New herbal tea dehydrator dries leaves at the right temperature

By Zac B. Sarian

A programmable dehydrator machine for making herbal tea has been developed by researchers from the Iloilo Science and Technology University which dries the raw materials at the right temperature. As such, the leaves being dried are dehydrated according to their heating requirements, ensuring that the phytochemicals found in the leaves are intact.

Phytochemicals are compounds produced by plants that they use to protect themselves from stresses like diseases, insects, and predators. They are also believed to fight cancer cells. If the leaves are dried under very high temperature, the phytochemicals could be damaged.

The first unit is newly installed at the Ephrathah Farm, a leisure farm in Badiangan, Iloilo, which is used in drying leaves of malunggay, guyabano, and guava for making herbal tea. The leaves are dried at the optimum temperature of 45 degrees Celsius. Higher than that, the phytochemicals could be destroyed.

The new dehydrator is a hybrid machine. During the daytime, the heat is supplied by a metal heat catcher together with a solar panel. If drying is necessary at nighttime, conventional electricity can supply the power.

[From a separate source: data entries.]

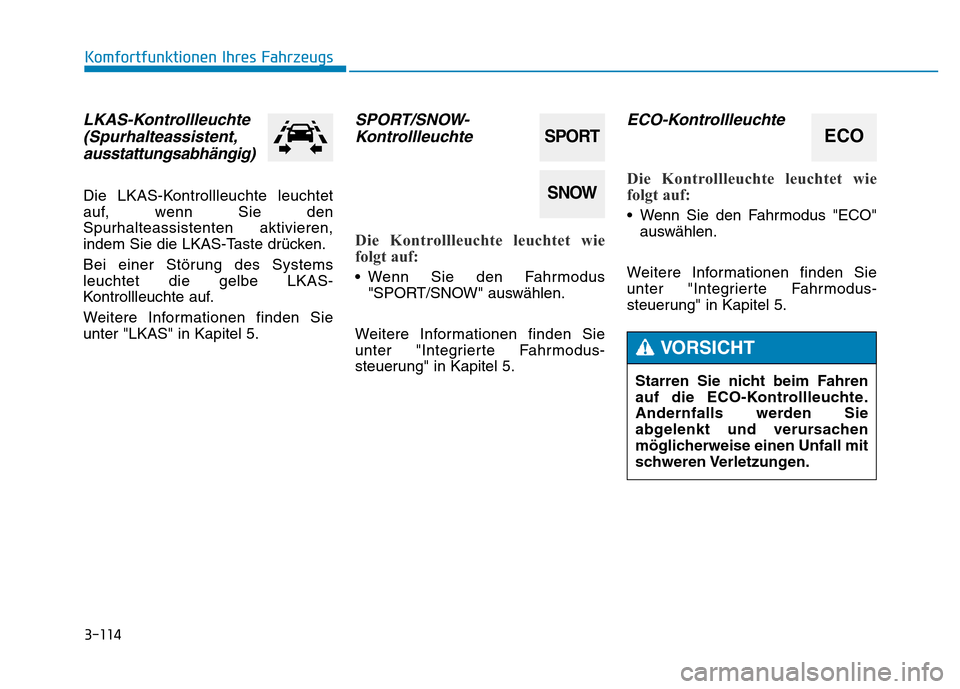 Hyundai Genesis 2016 Betriebsanleitung (in German) 3-114
Komfortfunktionen Ihres Fahrzeugs
LKAS-Kontrollleuchte
(Spurhalteassistent,
ausstattungsabhängig)
Die LKAS-Kontrollleuchte leuchtet
auf, wenn Sie den
Spurhalteassistenten aktivieren,
indem Sie Hyundai Genesis 2016 Betriebsanleitung (in German) 3-114
Komfortfunktionen Ihres Fahrzeugs
LKAS-Kontrollleuchte
(Spurhalteassistent,
ausstattungsabhängig)
Die LKAS-Kontrollleuchte leuchtet
auf, wenn Sie den
Spurhalteassistenten aktivieren,
indem Sie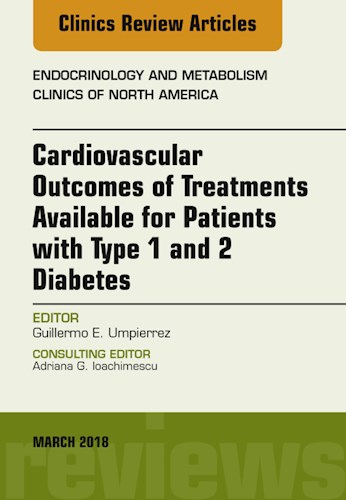  Cardiovascular Outcomes Of Treatments Available For Patients With Type 1 And 2 Diabetes  An Issue Of Endocrinology And Metabolism Clinics Of North America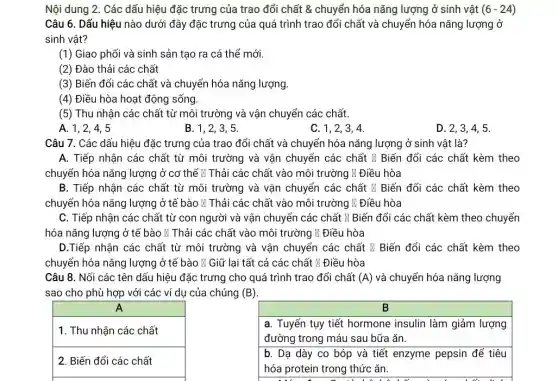 Nội dung 2. Các dấu hiệu đặc trưng của trao đổi chất &chuyển hóa nǎng lượng ở sinh vật (6-24)
Câu 6. Dấu hiệu nào dưới đây đặc trưng của quá trình trao đổi chất và chuyển hóa nǎng lượng ở
sinh vật?
(1) Giao phối và sinh sản tạo ra cá thể mới.
(2) Đào thải các chất
(3) Biến đổi các chất và chuyển hóa nǎng lượng.
(4) Điều hòa hoạt động sống.
(5) Thu nhận các chất từ môi trường và vận chuyển các chất.
A. 1,2,4,5
B. 1,2,3,5
C. 1,2,3 . 4.
D. 2,3,4 . 5.
Câu 7. Các dấu hiệu đặc trưng của trao đổi chất và chuyển hóa nǎng lượng ở sinh vật là?
A. Tiếp nhận các chất từ môi trường và vận chuyển các chất M Biến đổi các chất kèm theo
chuyển hóa nǎng lượng ở cơ thể N Thải các chất vào môi trường N Điều hòa
B. Tiếp nhận các chất từ môi trường và vận chuyển các chất & Biến đổi các chất kèm theo
chuyển hóa nǎng lượng ở tế bào # Thải các chất vào môi trường lí Điều hòa
C. Tiếp nhận các chất từ con người và vận chuyển các chất M Biến đổi các chất kèm theo chuyển
hóa nǎng lượng ở tê bào & Thải các chất vào môi trường # Điều hòa
D.Tiếp nhận các chất từ môi trường và vận chuyển các chất x Biến đổi các chất kèm theo
chuyển hóa nǎng lượng ở tế bào N Giữ lại tất cả các chất } Điều hòa
Câu 8. Nối các tên dấu hiệu đặc trưng cho quá trình trao đổi chất (A) và chuyển hóa nǎng lượng
sao cho phù hợp với các ví du của chúng (B)
B
1. Thu nhận các chất
a. Tuyến tụy tiết hormone insulin làm giảm lượng
đường trong máu sau bữa ǎn.
2. Biến đổi các chất
b. Dạ dày co bóp và tiết enzyme pepsin để tiêu
hóa protein trong thức ǎn.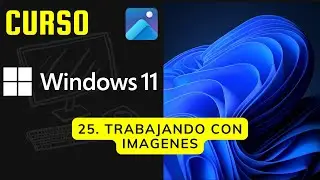 #25 | Trabajando con imagenes en Windows 11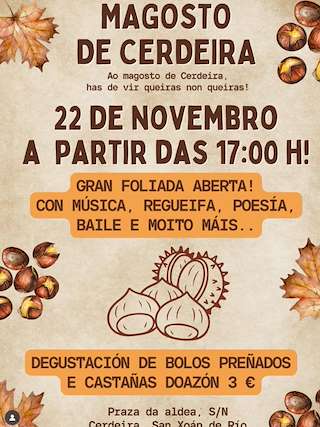 Fechas, información, programa, cartel, imágenes, mapa y ubicación de Magosto de Cerdeira (2025)  en  San Xoán de Río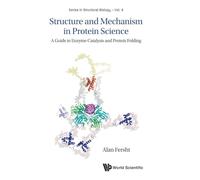 Structure and Mechanism in Protein Science: A Guide to Enzyme Catalysis and Protein Folding: 9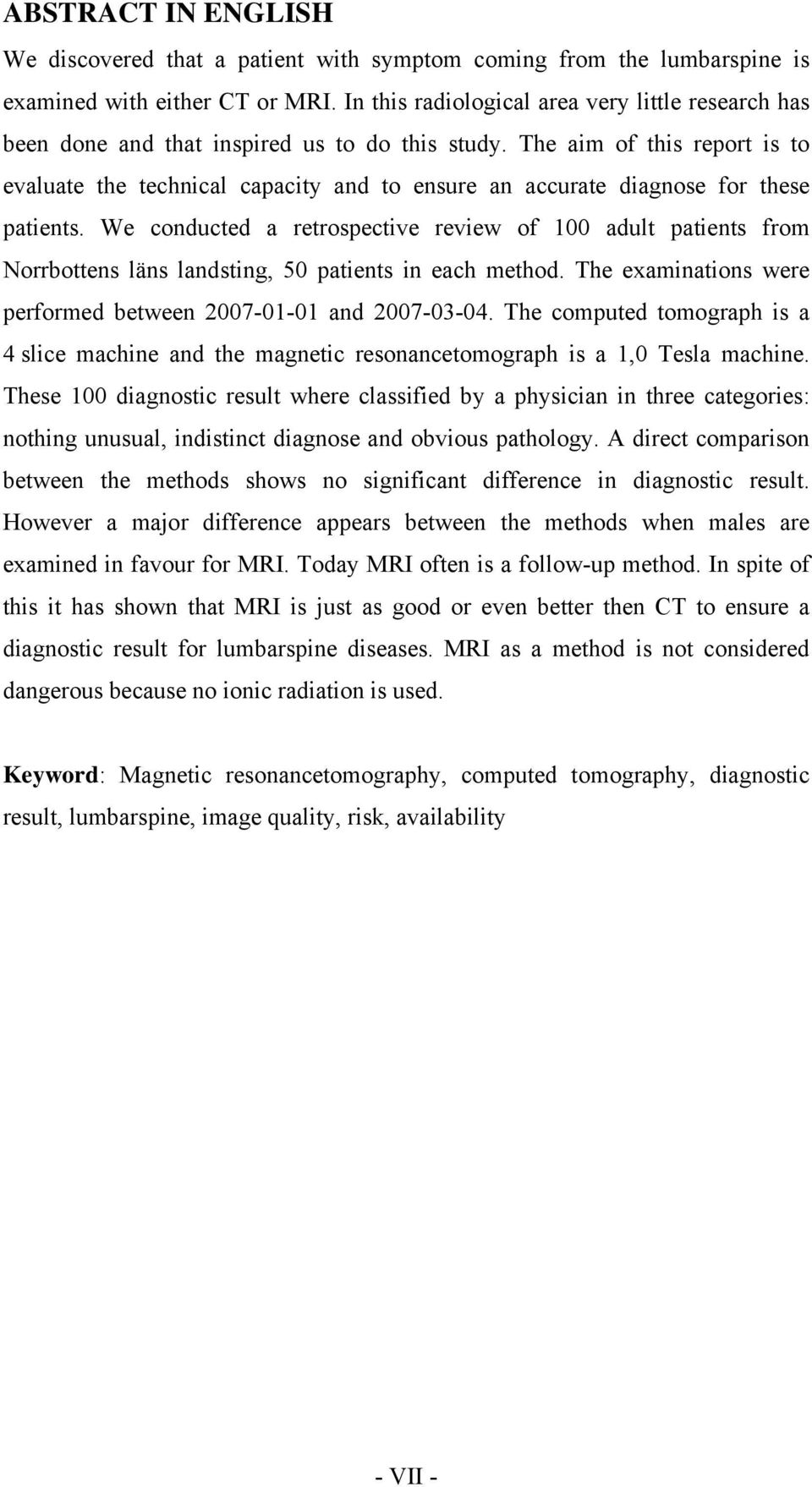 The aim of this report is to evaluate the technical capacity and to ensure an accurate diagnose for these patients.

The ISAT U researchers that developed the new dehydrator machine is headed by Dr. Renerio Mucas, faculty researcher. The other members are Hilario Taberna Jr., senior faculty researcher, and Dr. Nemia H. Mabaquiao, an electrical engineer who is also the university’s director for National and International Affairs. She quips that she is the muse of the research team. The research was started in October 2017 with P4-million in funding from the Philippine Council for Agriculture, Aquatic and Natural Resources Research and Development (PCAARRD) of the Department of Science and Technology.

Ed Roderick Cañuto, Ephrathah vice president for production, said that with the new electronically-controlled dehydrator, they will be able to produce bigger volumes of herbal tea that is dried under the right temperature. Previously, Ephrathah could only dry very limited amounts because they were using a small dryer with just three trays, and the temperature was not controlled. The new dryer has 12 layers of food grade stainless steel trays capable of drying the leaves in eight hours.

Cañuto explained that the researchers did not only study how to program the supply of the right heat to the raw materials being dried. They also researched on the right maturity of the leaves at harvest, best time to harvest, and other concerns. They found that the leaves that are mature green, neither too young nor too old, are the best. The unit is equipped with a phytochemicals analyzer and a color meter (for the leaves).

Why is Ephrathah producing herbal tea out of the leaves of malunggay, guyabano, and guava? Well, Cañuto explained that malunggay is full of valuable nutrients. On the other hand, guyabano is claimed to have anti-cancer properties, whereas guava is claimed as antiseptic. He added they will also use the dehydrator to dry Roselle to produce other high-value products.

Next research

Cañuto revealed that PCAARRD will next fund a greenhouse research project aimed at automating the hydroponics system of growing vegetables and herbs. One of the new strategies of PCAARRD, according to Cañuto, is to fund a research project with an identified beneficiary that will initially adopt the technology that is developed.

Hydroponics is one more technique adopted by Ephrathah Farm last year that has been proven very profitable. The present system, however, could be greatly improved if the control of pH and EC (electro conductivity) is automated.